### Exercise directions
Reproduction of part of the material below, pictures omitted: copy exactly, and only, the lines starting with the one with "Hi, I'm Judith, your" and going on through the one with "bungee webbing with".

### Provided data
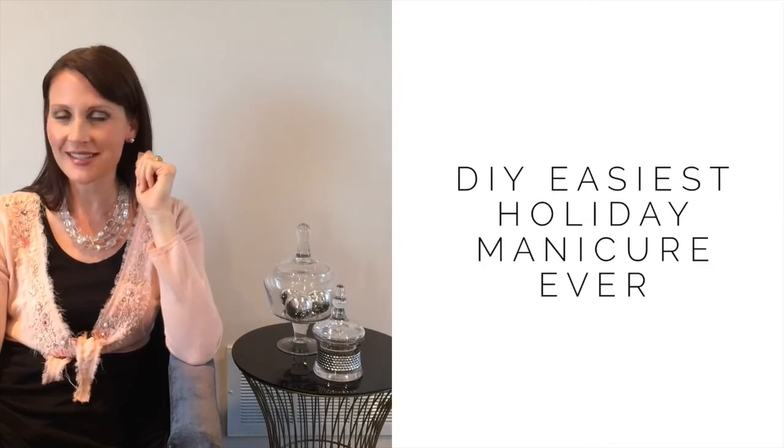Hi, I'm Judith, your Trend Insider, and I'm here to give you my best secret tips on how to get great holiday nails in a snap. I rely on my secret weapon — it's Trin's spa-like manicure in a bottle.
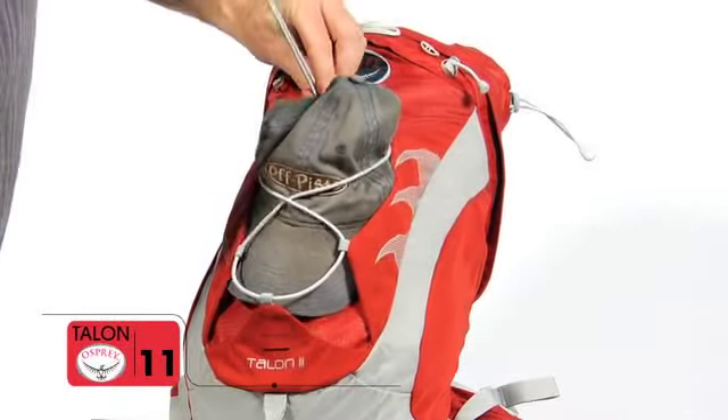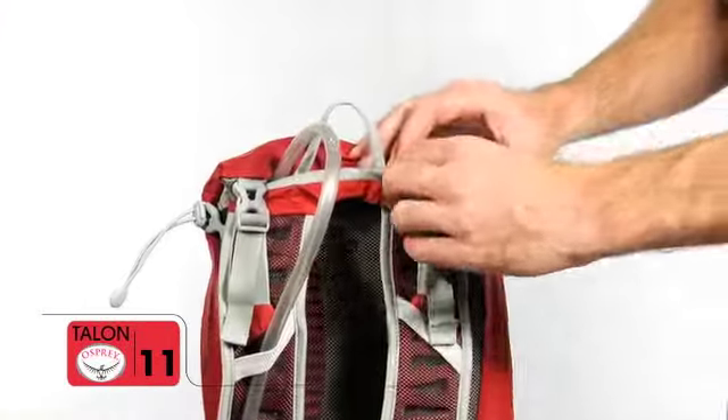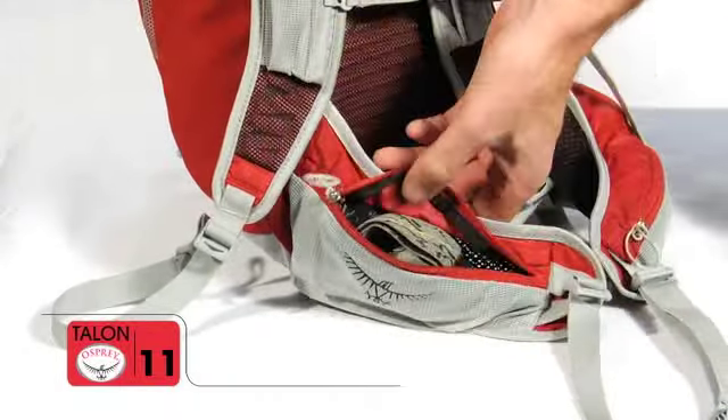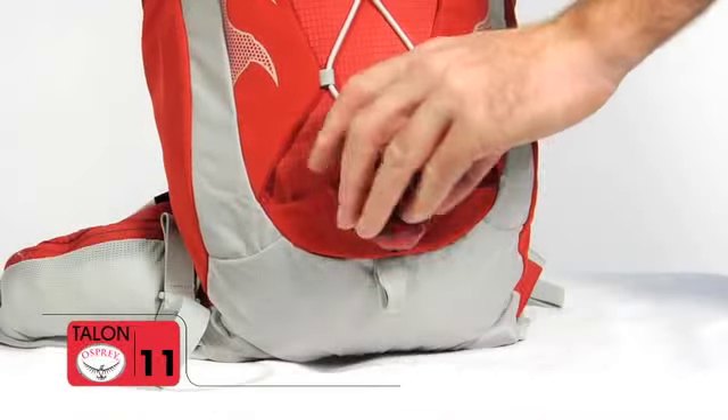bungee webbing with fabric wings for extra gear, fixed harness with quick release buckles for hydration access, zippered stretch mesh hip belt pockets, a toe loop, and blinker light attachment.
...
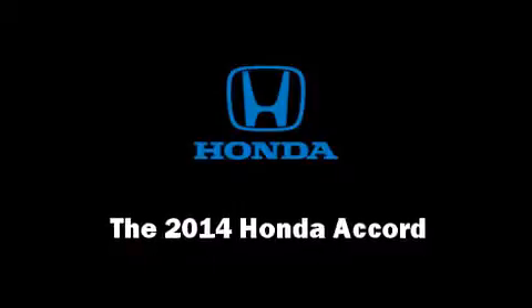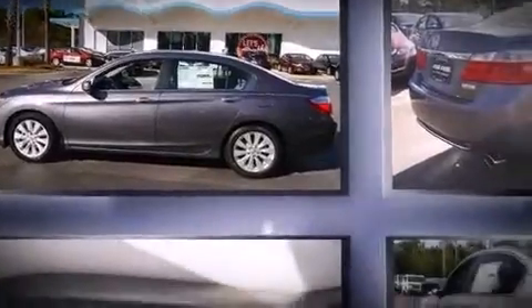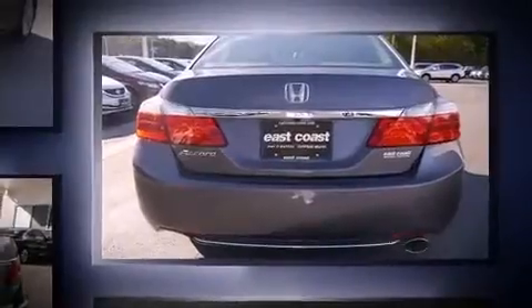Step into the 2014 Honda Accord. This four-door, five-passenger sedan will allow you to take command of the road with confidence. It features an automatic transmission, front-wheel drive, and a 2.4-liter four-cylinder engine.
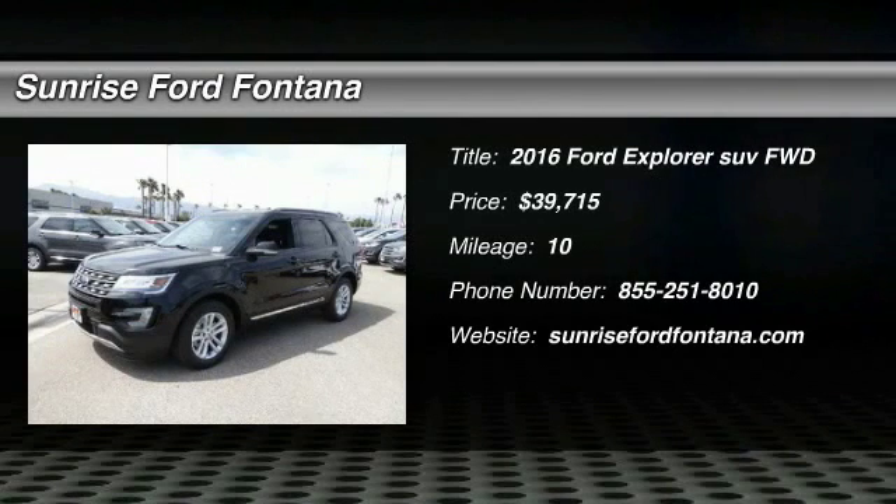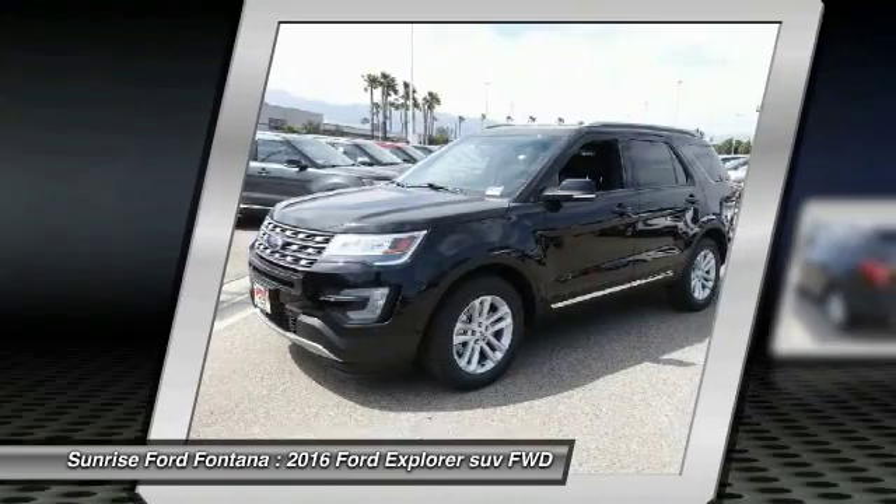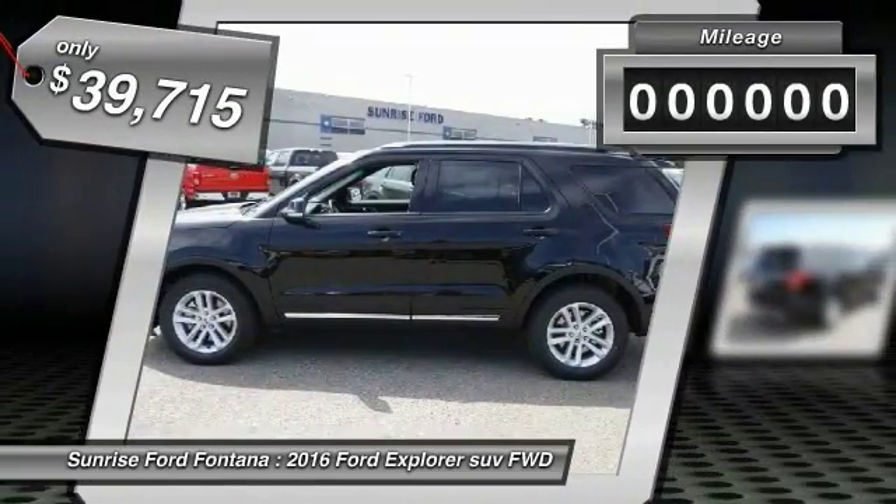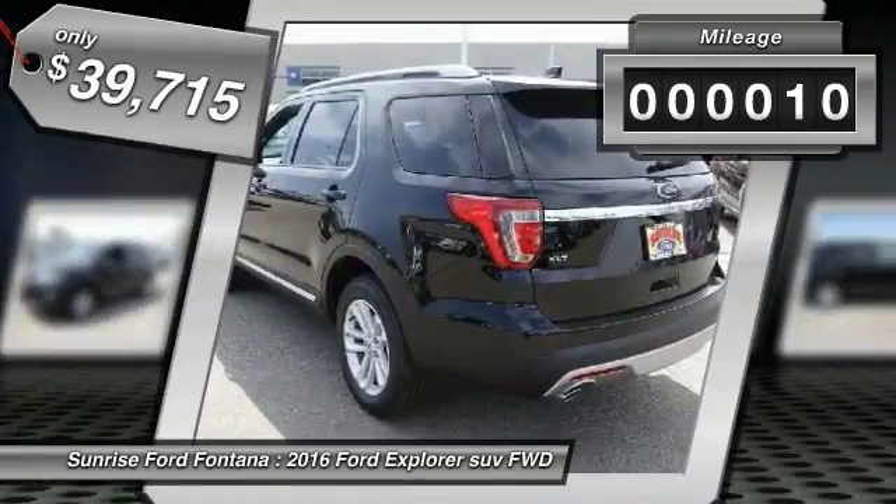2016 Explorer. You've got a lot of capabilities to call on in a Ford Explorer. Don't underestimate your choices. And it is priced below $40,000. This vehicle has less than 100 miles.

### Result for this exercise
Hi, I'm Judith, your Trend Insider, and I'm here to give you my best secret tips on how to get great holiday nails in a snap. I rely on my secret weapon — it's Trin's spa-like manicure in a bottle.
bungee webbing with fabric wings for extra gear, fixed harness with quick release buckles for hydration access, zippered stretch mesh hip belt pockets, a toe loop, and blinker light attachment.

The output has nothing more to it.